January 15

System Performance: Database Server Upgrade

As of Sunday 2013-01-13, we’re living on a new, higher-powered master database server.

We’ve been planning to make this move for some time. Our database had grown too large to hold in RAM on our previous server, and some queries were taking upwards of a minute to complete. That was unacceptable, so we began the process of building out a bigger server, with architecture improvements to allow us to scale more easily. The new server had been setup for about 6 days and was happily replicating our production data in real time. We had run almost all of our pre-migration tests, and we were planning to make the switch this week.

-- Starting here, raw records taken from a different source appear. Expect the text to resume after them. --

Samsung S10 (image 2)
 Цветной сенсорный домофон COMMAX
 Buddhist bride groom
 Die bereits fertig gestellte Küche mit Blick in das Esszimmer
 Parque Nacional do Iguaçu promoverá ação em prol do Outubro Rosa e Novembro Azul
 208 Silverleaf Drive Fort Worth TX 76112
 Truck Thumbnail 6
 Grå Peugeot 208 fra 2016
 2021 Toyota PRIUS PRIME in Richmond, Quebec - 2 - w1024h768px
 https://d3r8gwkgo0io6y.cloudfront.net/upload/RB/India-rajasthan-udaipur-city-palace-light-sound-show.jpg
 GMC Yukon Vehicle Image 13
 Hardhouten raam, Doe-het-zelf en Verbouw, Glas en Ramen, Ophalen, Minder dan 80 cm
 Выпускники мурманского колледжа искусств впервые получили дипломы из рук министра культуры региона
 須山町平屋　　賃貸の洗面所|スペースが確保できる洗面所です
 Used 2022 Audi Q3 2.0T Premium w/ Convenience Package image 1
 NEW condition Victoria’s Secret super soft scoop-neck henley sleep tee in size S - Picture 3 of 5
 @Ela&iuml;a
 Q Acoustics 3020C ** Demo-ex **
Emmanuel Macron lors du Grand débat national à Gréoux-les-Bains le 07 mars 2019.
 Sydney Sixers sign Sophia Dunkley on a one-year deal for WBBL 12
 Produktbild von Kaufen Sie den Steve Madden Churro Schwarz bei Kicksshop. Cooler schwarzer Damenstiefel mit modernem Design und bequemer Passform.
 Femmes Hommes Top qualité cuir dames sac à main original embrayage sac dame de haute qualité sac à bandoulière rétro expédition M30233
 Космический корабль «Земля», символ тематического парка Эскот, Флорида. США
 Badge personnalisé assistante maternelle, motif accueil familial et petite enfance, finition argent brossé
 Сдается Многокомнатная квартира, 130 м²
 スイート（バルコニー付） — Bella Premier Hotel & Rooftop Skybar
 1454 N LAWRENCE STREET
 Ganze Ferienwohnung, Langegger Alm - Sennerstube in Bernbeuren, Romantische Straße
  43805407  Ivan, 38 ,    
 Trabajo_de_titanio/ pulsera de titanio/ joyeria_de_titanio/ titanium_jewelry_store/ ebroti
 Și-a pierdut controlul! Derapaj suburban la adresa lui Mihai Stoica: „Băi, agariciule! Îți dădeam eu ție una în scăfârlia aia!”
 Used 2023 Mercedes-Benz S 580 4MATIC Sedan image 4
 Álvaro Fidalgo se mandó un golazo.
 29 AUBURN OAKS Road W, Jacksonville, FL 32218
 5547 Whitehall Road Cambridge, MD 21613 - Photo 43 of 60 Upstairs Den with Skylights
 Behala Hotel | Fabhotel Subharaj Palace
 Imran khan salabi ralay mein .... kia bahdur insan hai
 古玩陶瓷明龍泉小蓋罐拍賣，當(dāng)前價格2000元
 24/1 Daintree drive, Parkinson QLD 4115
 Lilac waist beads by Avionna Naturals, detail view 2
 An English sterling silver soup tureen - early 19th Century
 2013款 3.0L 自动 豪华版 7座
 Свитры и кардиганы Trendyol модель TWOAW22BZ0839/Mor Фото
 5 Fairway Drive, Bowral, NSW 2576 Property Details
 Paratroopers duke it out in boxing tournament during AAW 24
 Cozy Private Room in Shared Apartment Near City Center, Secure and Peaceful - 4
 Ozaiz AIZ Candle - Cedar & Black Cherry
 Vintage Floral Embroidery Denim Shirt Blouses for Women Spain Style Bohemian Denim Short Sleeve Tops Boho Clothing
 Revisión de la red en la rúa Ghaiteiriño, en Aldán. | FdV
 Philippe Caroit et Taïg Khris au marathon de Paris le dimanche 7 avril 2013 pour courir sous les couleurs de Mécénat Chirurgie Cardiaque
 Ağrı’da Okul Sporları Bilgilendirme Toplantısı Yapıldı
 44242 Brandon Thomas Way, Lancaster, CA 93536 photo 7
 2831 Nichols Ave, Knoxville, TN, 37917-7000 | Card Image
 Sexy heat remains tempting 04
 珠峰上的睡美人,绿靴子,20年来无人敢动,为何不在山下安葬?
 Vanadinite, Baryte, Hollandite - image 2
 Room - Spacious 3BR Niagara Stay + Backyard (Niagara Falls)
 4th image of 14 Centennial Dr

In the wee hours of Sunday morning EST, our hand was forced. Our old database server failed, and we were compelled to make the switch to the new server early. There were a couple glitches during the switchover that caused the database to be down longer than it should have been. For that we’re very sorry. I mentioned that we had run *almost* all of our tests. It turns out that the ones we hadn’t gotten to would have shown us a potential problem earlier.

In the end though, the cutover went smoothly, and we’re now up and running full steam on a vastly improved master server.

On the agenda this year is a project to improve our database layer. Today we have a single point of failure at the database. That’s obviously not ideal. Worst case scenario, we could again experience unplanned downtime of a couple of hours or more. But the potential downtime grows as the size of the database grows. We maintain at all times verified real-time replicated data on a passive slave to be ready for such a catastrophe. Our current architecture requires that human interaction take place to fail over to the slave server. We run tests to determine if there is data loss and point the app to the new database host. That process can take some time.

With the database layer improvement project, we will gain the benefit of increased hardware resources and an architecture that ideally eliminates the possibility of downtime caused by failure of a single database node. In other words, the database will no longer be a single point of failure. We’ll have more on this later.